What Is a Notice of Seizure?

A notice of seizure is a written notice from the Internal Revenue Service (IRS) to inform either an individual taxpayer or business that the government has seized its property.

Also known as form 2433, a Notice of Seizure states that, under the authority in section 6331 of the Internal Revenue Code, and by virtue of a levy from the Area Director of Internal Revenue, the IRS has seized property for nonpayment of past-due internal revenue taxes. 

The document will list from what date the taxes are past-due, the amount that was due, and the taxpayers' Internal Revenue Area and Territory. A notice of seizure will describe what property was seized and will show the name and signature of the Revenue Officer, making the seizure. 
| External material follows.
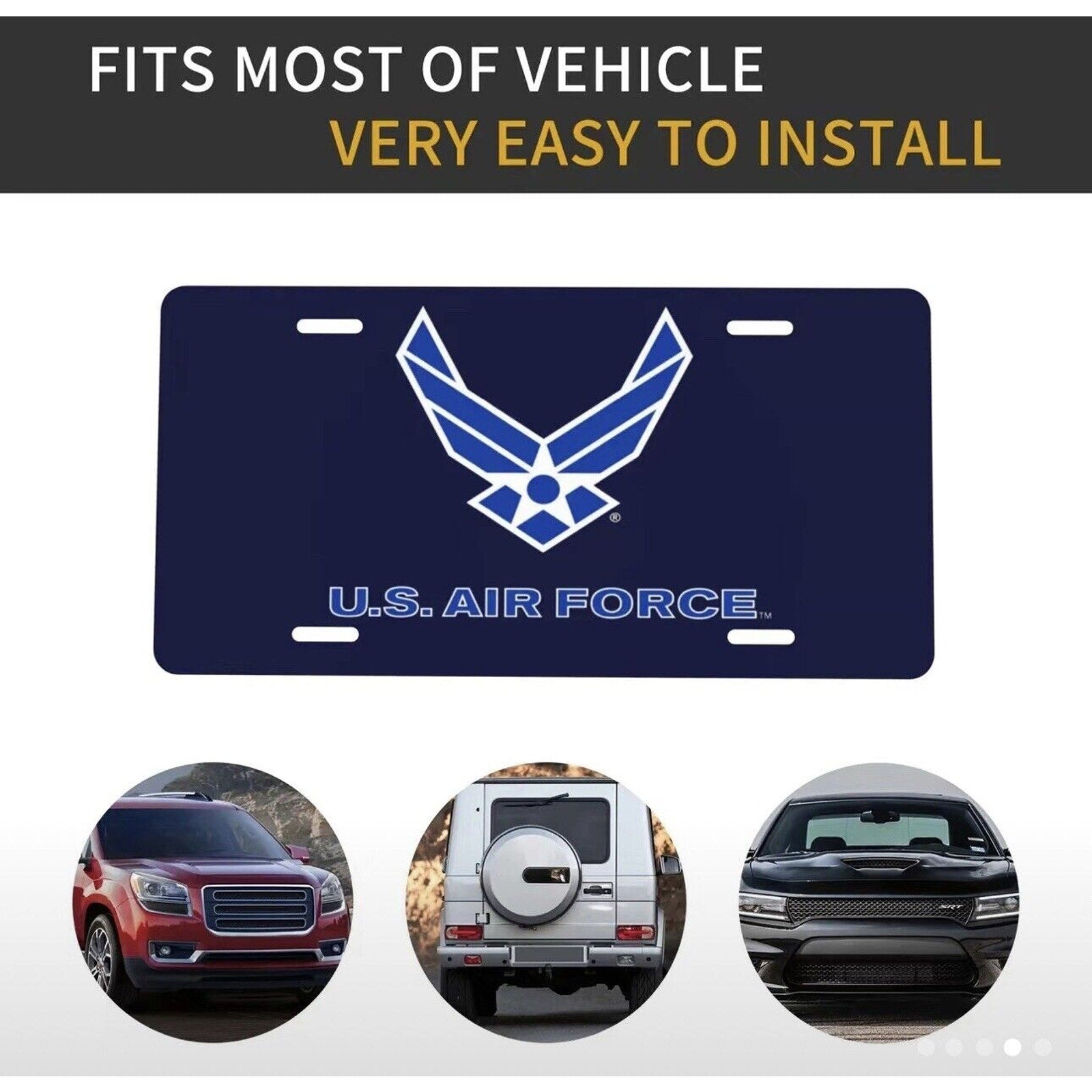 US Air Force Logo License Plate, Aluminum Novelty License Plate Car Tag, 6 X 12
Understanding Notice of Seizure

A notice of seizure is the final document the government must produce in the process of seizing property for nonpayment of federal taxes. The Internal Revenue Service will initiate this process by sending a “Notice of Demand for Payment,” which indicates to a taxpayer that they owe the federal government money. 
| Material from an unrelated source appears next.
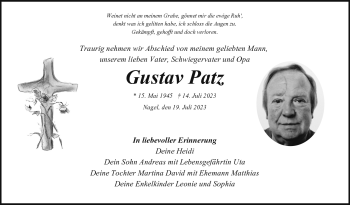 Traueranzeige von Gustav Patz von Frankenpost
If the taxpayer ignores the Notice of Demand for Payment or fails to pay the debt in full, the IRS will ultimately send a letter indicating its intent to levy the individual taxpayer or business’s assets. The intent to levy is indicated in a variety of forms, depending on the taxpayer’s situation. For instance, if the delinquent taxpayer has a significant state income tax refund, the IRS might send a form CP 504, which indicates the government’s intent to levy against the state refund in order to make itself whole.
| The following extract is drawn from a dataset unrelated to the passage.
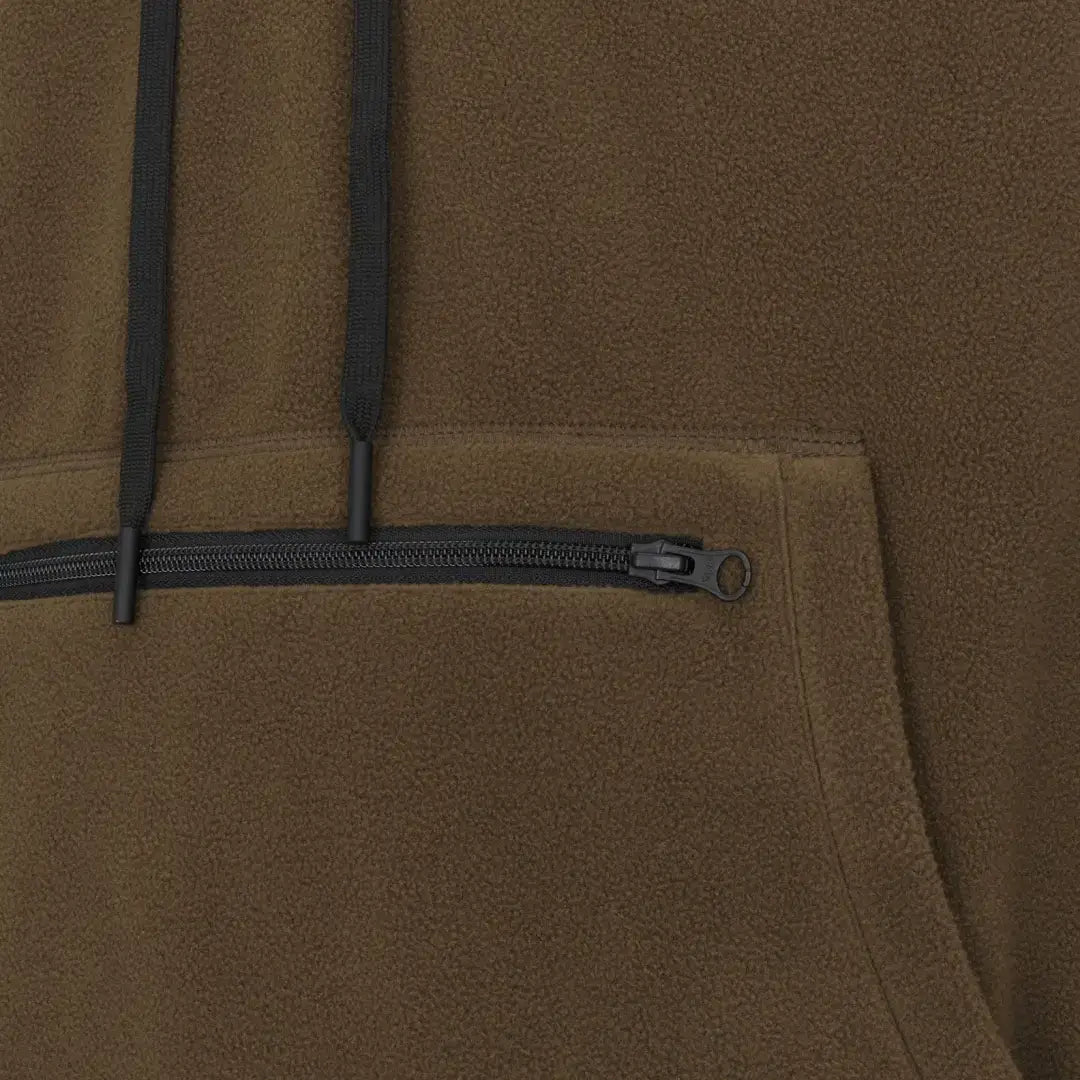 Brown fleece forest heathland hoodie with zippered pocket, perfect heathland hoodie style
Notice of Seizure in the Seizure Process

A CP90 notice is a final notice of the intent to levy, which indicates that a seizure is imminent. CP90 is a formal notice that the IRS has the right to seize your assets unless you take action within 30 days to pay what you owe, or request a payment plan if you cannot pay. At this point, all of your assets are at risk, from real estate to bank accounts to retirement savings or other investment vehicles. If you disagree with the notice, you can request a collection due process hearing, and even appeal that decision if needed.

When the IRS does ultimately seize a taxpayer or business's assets, it is required to leave a copy of the Notice of Seizure at the site of the seizure, and it is also required to mail copies by regular and certified mail to the relevant individual’s last known address and workplace.